"Lisa Goldstein - Lilyanna" - читать интересную книгу автора (Goldstein Lisa)

I got up and studied the photo again. No, I couldn’t believe it—no one who
looked like that could stoop to blackmail.
I set out all I had of Lilyanna: the photo, the pearl, the note, the napkin. For
the first time I noticed a stain at the corner of the napkin, a small spot of red. Was it
blood? No, of course not. It was much more likely to be food, or lipstick.
But I couldn’t stop thinking about the two of them, what they had done. Had
Selwyn grown tired of her demands for money and finally killed her? Or had she
killed him? Either would explain her urgency, and the fear I sometimes felt in her
presence. Her story was darker than I had supposed.
When I got to work the next day I put the photograph on my desk before I
did anything else. I couldn’t stop staring at it, drawn over and over again to that pale
face, those imperious eyes.
The sun came out in the afternoon, that strange California weather that refuses
to relinquish summer, even in October. It relaxed me for a moment, and when Amy
knocked at my office I looked up, glad of the distraction. I was not so relaxed,
though, to forget the picture, and I eased it under a magazine as she stepped inside.
“Are you busy?” she asked.
“No, no,” I said. “What is it?”
“A kid just asked me for The Lying Bitch and HerWardrobe,” she said.
I laughed. “What did you say?”
“Well, I took him to the C.S. Lewis section, but that wasn’t the book he
wanted. I think he was expecting something else.”

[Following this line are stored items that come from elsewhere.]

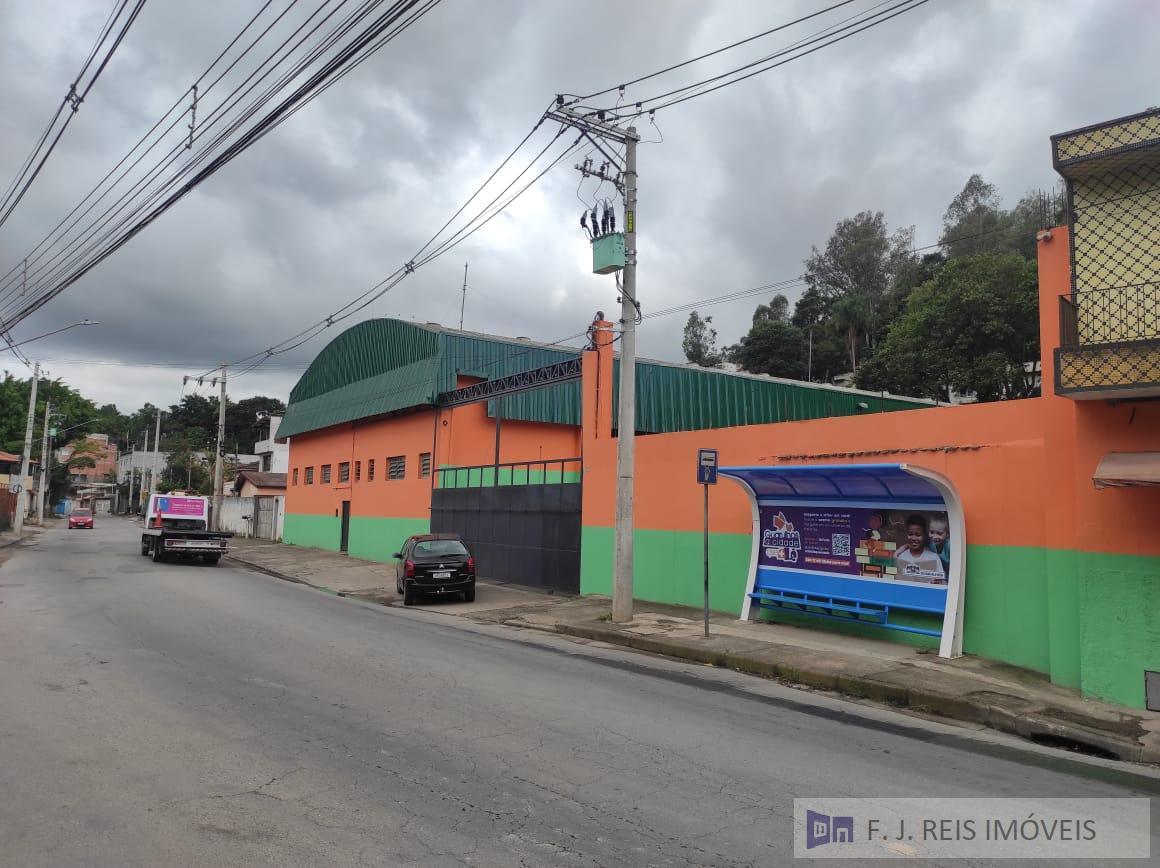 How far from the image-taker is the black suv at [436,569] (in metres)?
16.8

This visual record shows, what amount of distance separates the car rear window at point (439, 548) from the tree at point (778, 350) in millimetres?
45472

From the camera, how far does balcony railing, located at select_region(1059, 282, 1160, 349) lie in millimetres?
8172

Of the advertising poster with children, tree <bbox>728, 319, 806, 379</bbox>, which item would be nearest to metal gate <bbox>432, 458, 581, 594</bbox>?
the advertising poster with children

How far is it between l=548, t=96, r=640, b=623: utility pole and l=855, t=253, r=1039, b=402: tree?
23.4m

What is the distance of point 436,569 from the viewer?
665 inches

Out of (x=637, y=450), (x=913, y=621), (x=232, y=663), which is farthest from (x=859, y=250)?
(x=232, y=663)

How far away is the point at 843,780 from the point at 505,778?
249cm

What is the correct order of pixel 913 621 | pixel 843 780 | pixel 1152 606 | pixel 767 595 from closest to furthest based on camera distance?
1. pixel 843 780
2. pixel 1152 606
3. pixel 913 621
4. pixel 767 595

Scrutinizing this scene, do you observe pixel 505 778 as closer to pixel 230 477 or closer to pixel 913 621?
pixel 913 621

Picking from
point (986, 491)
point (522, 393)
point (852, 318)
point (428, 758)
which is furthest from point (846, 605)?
point (852, 318)

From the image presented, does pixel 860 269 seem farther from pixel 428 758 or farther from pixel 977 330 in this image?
pixel 428 758

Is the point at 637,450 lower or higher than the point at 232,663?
higher

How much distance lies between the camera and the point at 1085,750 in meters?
6.94

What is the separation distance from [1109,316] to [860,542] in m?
4.60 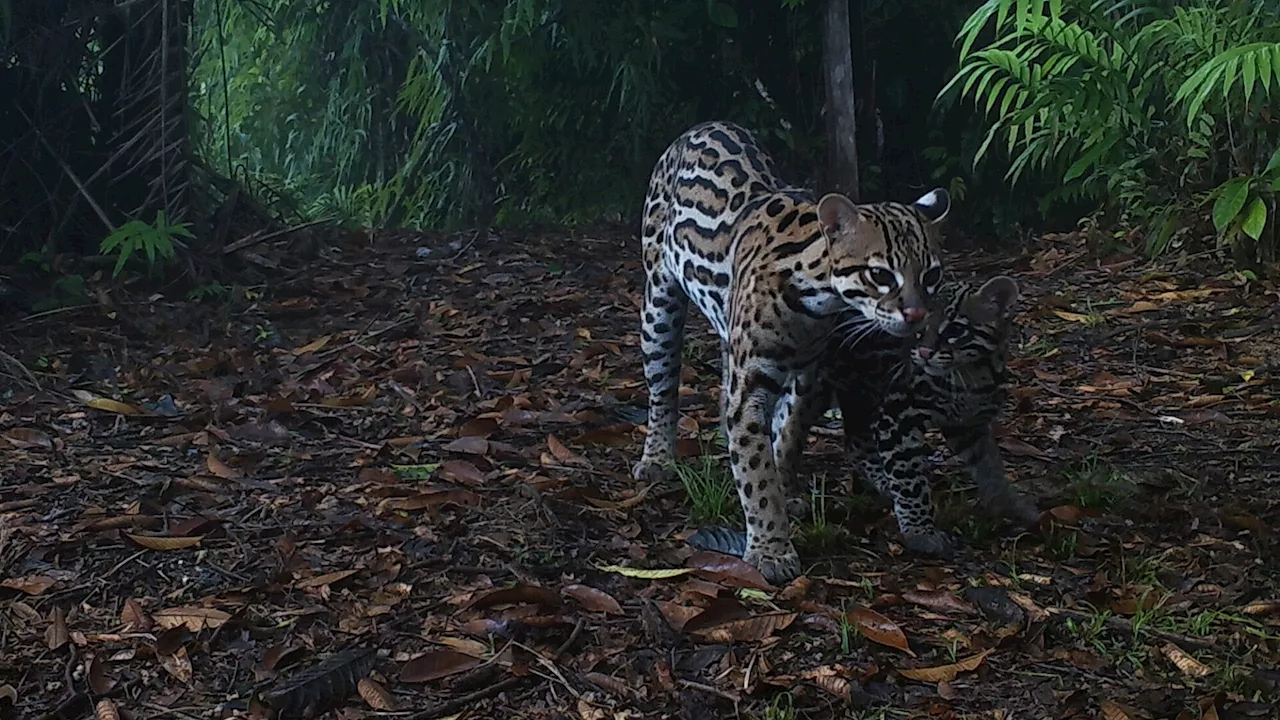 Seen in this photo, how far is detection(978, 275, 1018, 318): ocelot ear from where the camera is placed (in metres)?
4.29

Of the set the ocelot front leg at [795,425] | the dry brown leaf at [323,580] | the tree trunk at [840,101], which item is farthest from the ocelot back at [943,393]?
the tree trunk at [840,101]

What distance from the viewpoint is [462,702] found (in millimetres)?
3240

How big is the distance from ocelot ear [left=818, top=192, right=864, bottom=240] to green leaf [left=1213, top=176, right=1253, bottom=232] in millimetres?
3246

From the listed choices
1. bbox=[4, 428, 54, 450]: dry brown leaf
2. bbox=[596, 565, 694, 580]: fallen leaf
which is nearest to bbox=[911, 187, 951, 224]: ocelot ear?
bbox=[596, 565, 694, 580]: fallen leaf

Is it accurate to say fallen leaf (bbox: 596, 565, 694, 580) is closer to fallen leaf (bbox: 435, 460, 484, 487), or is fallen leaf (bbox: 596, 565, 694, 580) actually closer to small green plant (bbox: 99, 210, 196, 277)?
fallen leaf (bbox: 435, 460, 484, 487)

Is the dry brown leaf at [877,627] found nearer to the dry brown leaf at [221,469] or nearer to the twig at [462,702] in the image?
the twig at [462,702]

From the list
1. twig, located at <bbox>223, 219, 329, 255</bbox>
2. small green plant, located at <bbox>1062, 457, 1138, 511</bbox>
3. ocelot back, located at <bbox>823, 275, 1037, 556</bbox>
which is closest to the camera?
ocelot back, located at <bbox>823, 275, 1037, 556</bbox>

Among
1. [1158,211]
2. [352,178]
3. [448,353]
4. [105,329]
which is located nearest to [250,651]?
[448,353]

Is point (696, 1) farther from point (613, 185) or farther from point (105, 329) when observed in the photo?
point (105, 329)

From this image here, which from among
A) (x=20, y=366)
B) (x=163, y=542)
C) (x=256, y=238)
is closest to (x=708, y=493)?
(x=163, y=542)

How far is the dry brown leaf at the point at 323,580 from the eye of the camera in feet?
12.7

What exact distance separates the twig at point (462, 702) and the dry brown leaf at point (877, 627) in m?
0.91

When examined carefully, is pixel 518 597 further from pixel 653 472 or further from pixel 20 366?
pixel 20 366

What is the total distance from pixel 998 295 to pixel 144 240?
4566mm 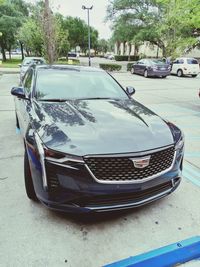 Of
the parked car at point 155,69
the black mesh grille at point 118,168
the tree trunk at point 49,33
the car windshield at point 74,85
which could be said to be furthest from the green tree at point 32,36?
the black mesh grille at point 118,168

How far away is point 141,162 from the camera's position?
2385mm

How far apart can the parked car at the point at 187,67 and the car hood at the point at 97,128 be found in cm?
1829

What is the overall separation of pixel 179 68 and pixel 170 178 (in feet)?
64.8

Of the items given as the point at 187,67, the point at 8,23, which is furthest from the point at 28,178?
the point at 8,23

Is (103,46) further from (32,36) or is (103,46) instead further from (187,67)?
(187,67)

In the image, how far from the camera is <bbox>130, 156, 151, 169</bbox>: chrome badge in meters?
2.36

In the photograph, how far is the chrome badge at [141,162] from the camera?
2.36 m

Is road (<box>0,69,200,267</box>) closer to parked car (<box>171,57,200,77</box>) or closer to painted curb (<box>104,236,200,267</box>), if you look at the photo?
painted curb (<box>104,236,200,267</box>)

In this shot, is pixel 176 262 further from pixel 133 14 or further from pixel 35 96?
pixel 133 14

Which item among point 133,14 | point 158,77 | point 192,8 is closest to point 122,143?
point 192,8

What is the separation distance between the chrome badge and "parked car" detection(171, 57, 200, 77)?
19.5 meters

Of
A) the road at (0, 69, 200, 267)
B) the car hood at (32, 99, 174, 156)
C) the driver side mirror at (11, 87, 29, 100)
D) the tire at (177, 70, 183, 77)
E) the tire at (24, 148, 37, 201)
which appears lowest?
the tire at (177, 70, 183, 77)

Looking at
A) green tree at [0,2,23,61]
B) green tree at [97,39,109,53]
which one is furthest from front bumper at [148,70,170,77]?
green tree at [97,39,109,53]

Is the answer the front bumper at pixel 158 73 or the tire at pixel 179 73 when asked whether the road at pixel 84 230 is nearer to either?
the front bumper at pixel 158 73
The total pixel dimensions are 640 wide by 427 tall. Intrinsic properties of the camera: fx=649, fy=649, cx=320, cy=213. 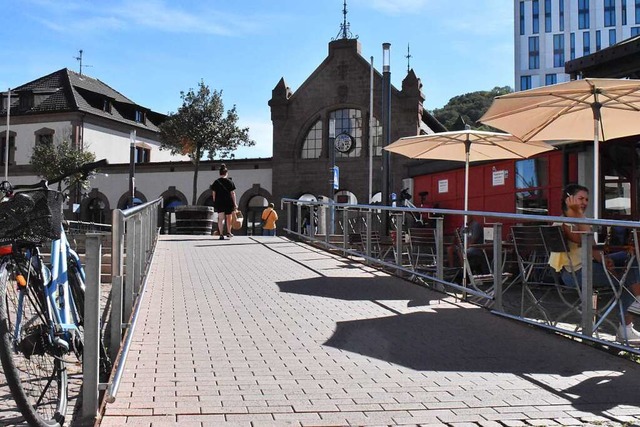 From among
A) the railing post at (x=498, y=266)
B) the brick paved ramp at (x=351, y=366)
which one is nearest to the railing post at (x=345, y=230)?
the brick paved ramp at (x=351, y=366)

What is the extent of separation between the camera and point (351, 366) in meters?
4.92

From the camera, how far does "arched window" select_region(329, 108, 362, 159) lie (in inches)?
1550

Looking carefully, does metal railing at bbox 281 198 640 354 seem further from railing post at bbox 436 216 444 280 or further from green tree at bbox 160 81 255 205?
green tree at bbox 160 81 255 205

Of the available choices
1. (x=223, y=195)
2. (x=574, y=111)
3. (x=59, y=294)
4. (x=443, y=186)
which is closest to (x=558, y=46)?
(x=443, y=186)

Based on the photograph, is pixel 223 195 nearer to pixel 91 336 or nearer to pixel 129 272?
pixel 129 272

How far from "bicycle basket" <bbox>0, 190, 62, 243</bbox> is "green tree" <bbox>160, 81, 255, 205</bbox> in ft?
114

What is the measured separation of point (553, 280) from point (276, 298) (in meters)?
3.09

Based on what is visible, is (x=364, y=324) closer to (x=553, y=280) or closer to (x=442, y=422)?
(x=553, y=280)

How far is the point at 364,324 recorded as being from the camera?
6344 millimetres

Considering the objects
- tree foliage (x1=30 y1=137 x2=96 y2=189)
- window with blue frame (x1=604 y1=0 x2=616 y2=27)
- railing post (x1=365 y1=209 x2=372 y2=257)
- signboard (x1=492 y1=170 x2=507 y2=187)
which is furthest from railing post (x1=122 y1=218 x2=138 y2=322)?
window with blue frame (x1=604 y1=0 x2=616 y2=27)

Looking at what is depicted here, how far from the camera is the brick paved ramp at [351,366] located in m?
3.87

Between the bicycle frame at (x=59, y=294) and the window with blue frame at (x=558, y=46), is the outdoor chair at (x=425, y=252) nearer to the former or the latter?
the bicycle frame at (x=59, y=294)

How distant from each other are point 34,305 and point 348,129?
3670cm

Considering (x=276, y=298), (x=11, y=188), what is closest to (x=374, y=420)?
(x=11, y=188) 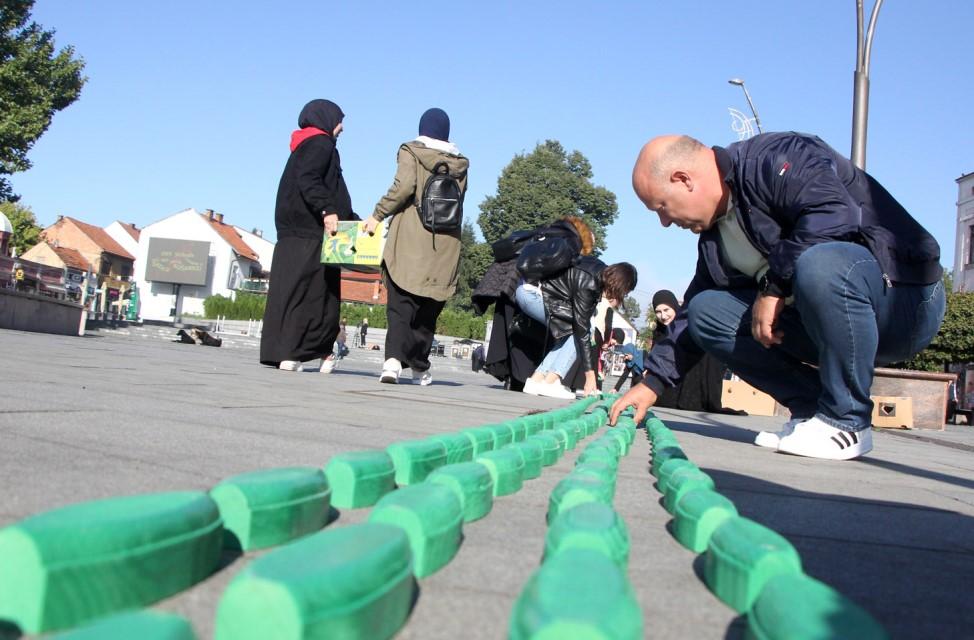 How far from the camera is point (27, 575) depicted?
81 cm

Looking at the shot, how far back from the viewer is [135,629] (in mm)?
641

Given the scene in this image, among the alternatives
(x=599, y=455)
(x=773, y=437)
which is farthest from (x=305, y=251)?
(x=599, y=455)

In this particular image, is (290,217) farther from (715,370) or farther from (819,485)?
(819,485)

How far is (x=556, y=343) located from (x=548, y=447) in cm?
641

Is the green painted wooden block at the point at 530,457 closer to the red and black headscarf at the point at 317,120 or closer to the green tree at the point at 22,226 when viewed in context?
the red and black headscarf at the point at 317,120

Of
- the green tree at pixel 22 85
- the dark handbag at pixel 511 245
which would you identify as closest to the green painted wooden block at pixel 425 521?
the dark handbag at pixel 511 245

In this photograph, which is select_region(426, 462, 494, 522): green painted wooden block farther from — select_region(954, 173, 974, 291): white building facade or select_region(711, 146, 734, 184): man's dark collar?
select_region(954, 173, 974, 291): white building facade

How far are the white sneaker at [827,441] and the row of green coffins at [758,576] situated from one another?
211cm

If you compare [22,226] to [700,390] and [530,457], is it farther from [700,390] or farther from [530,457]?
[530,457]

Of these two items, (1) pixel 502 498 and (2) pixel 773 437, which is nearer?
(1) pixel 502 498

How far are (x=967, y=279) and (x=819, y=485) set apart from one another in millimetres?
44530

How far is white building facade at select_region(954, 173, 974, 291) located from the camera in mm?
42031

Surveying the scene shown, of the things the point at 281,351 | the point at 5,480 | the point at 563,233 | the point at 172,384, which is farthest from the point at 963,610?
the point at 563,233

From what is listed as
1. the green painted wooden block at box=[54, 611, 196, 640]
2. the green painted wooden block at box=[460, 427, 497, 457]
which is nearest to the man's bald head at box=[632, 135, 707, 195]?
the green painted wooden block at box=[460, 427, 497, 457] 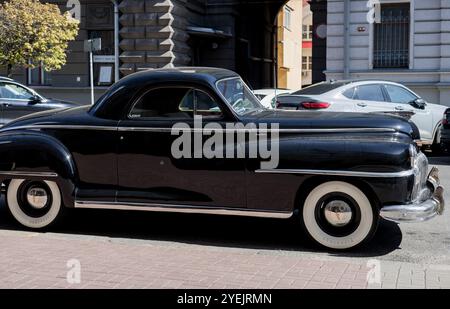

We talked for a while about the odd requests we had gotten (The Four
Horsemen of the Acropolis, Color MePurple), and I asked her how the dog was,
and we discussed library business. When she left I realized with a start that an hour
had passed, and that I had barely thought of Lilyanna. How could I have forgotten
her? I felt horrified, guilty. I felt like a knight who had been sent out on a quest by his
lady-love and who had strayed from the path, diverted by pleasures of the flesh or
good company.
But my fear was growing, fear of what I might find, and of Lilyanna, too. I
was out of my depth, had stumbled into a quarrel not my own. What if she had
murdered someone, what then?
I started to shiver. But I was sweating too; my palms were damp with it. What
had I gotten myself into? Who was Lilyanna to come into my life like this? She had
snared me with a photograph, beguiled me with trinkets—with the dead past, things
that never changed. She had seen how steadfast I would be, that I would never
change. Amy’s doors had never closed for me; they had never been opened.
I welcomed the anger; it drove out the terror I felt. Perhaps I wouldn’t go to
the Pearl that night. Why should I be the one to revenge her? I had my own life to
live, after all.
One of the aides came through, shouting that the library would close in fifteen
minutes. The hell with it, I thought. I stood, my heart pounding, and went to the
children’s section. My fear rose again and I pushed it away, tried to ignore it.
I waited until Amy finished helping a kid with her homework; then I said,
“Would you like to go to dinner with me tonight?”
She looked surprised, and a bit wary. “All right,” she said.
The room grew colder. The children fell silent for once, as if they felt it too. A
blur of white moved in the corner and took on shape.
Amy was saying something, and I forced myself to pay attention. “Oh, wait.
Don’s going to be late tonight—I have to feed the kids.”